→ **TASK OBJECTIVE**
Leave every picture out and give back the lines below from the first through the line that holds "Reunião de colaboradores", exactly as written.

→ **Captioned web image data**
== Segment start ==
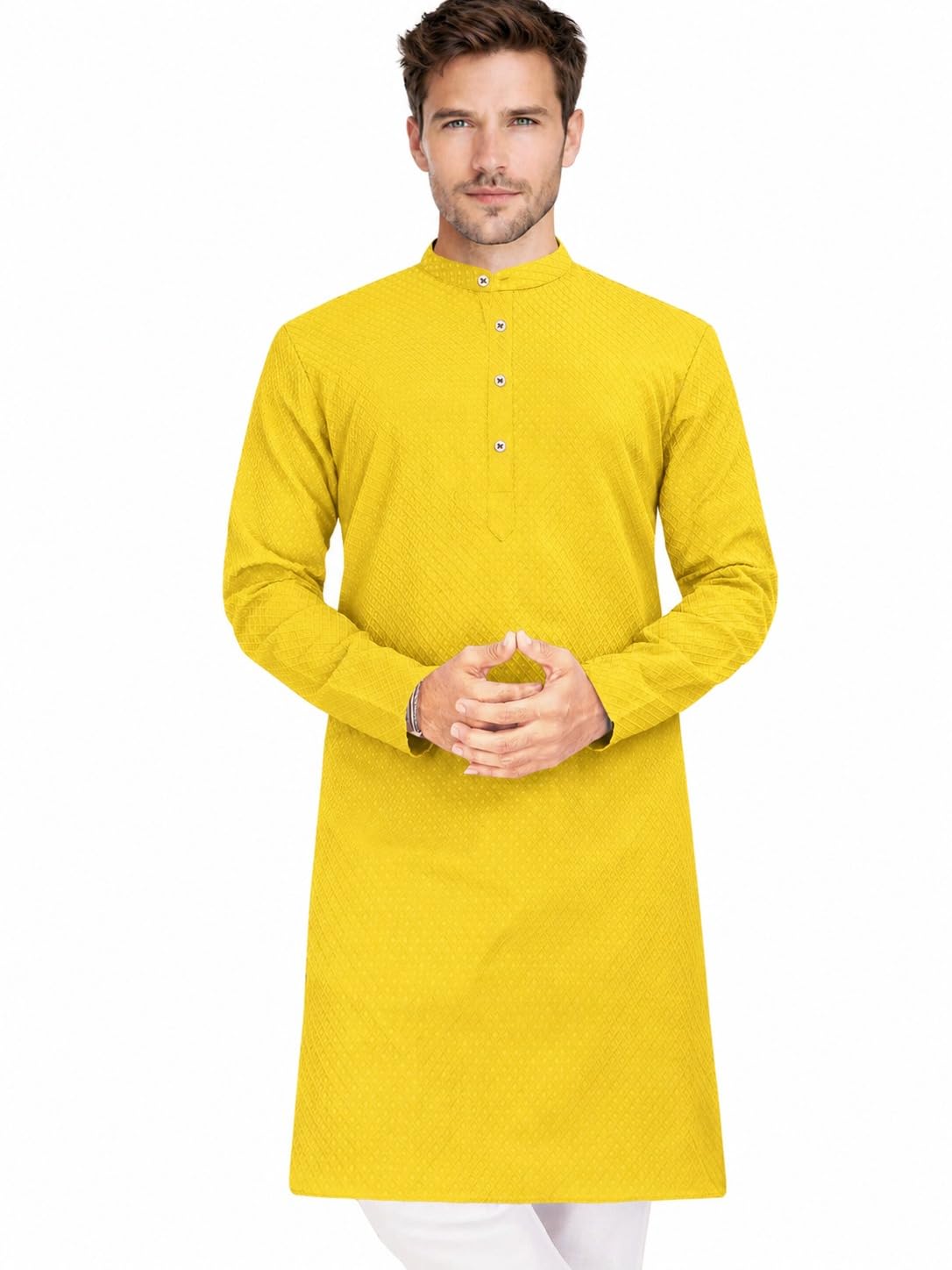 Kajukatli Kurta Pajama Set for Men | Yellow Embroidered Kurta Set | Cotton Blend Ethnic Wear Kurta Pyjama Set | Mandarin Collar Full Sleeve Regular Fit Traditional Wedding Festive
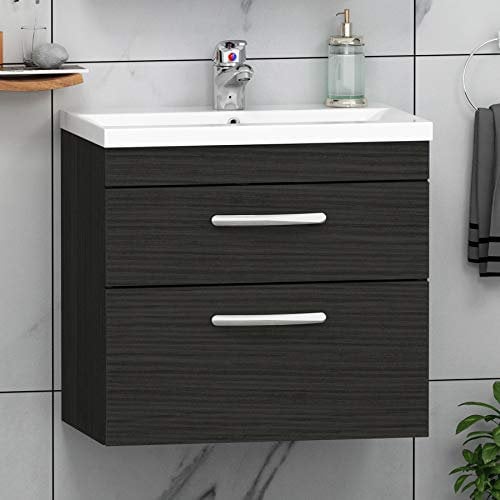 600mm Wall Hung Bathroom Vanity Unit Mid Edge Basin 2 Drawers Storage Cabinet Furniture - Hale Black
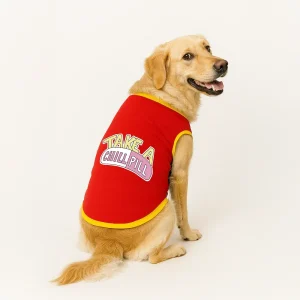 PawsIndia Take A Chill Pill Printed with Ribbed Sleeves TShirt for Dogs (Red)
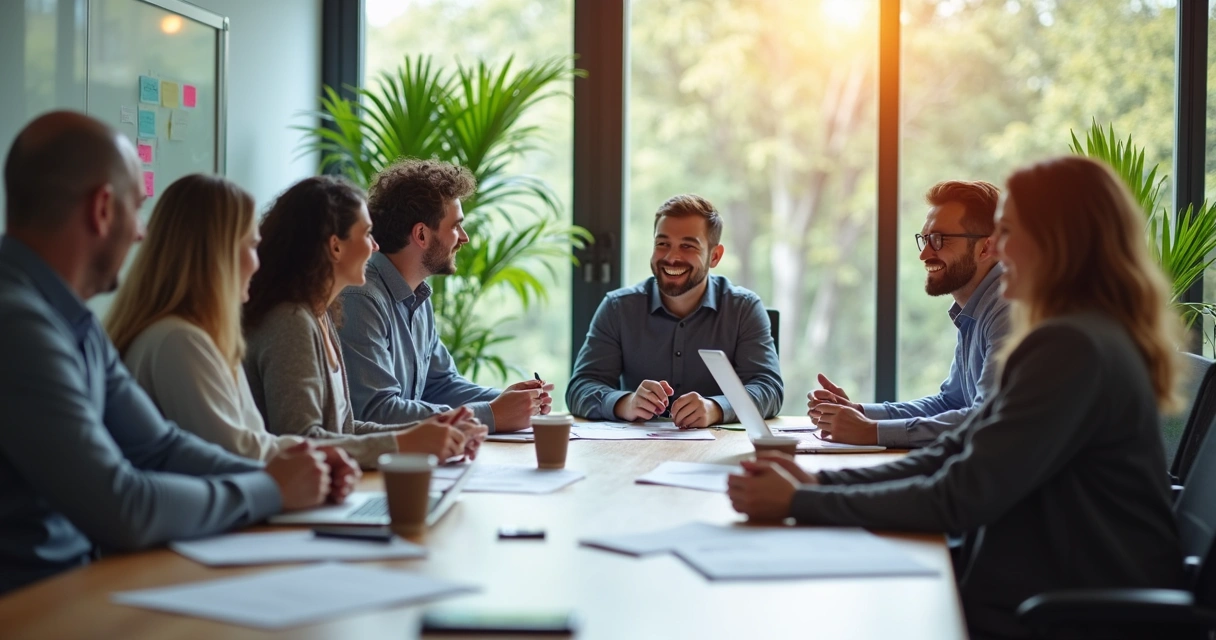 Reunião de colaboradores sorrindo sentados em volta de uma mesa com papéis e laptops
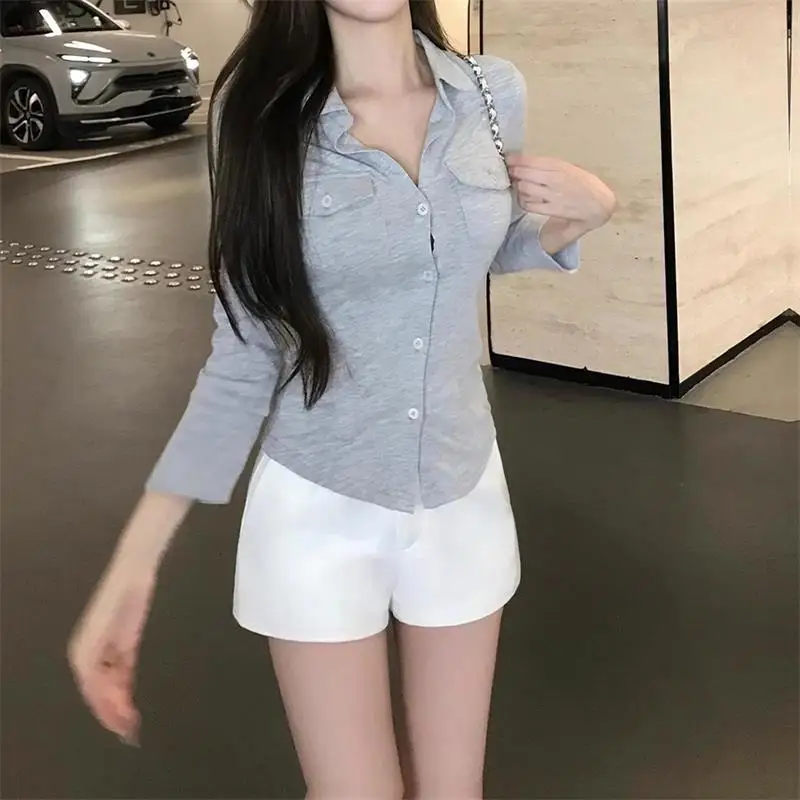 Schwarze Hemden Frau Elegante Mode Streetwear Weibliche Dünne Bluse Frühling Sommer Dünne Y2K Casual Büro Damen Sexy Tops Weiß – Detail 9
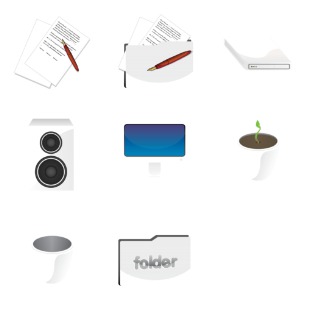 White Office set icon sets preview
== Segment end ==
→ **SOLUTION**
 Kajukatli Kurta Pajama Set for Men | Yellow Embroidered Kurta Set | Cotton Blend Ethnic Wear Kurta Pyjama Set | Mandarin Collar Full Sleeve Regular Fit Traditional Wedding Festive
 600mm Wall Hung Bathroom Vanity Unit Mid Edge Basin 2 Drawers Storage Cabinet Furniture - Hale Black
 PawsIndia Take A Chill Pill Printed with Ribbed Sleeves TShirt for Dogs (Red)
 Reunião de colaboradores sorrindo sentados em volta de uma mesa com papéis e laptops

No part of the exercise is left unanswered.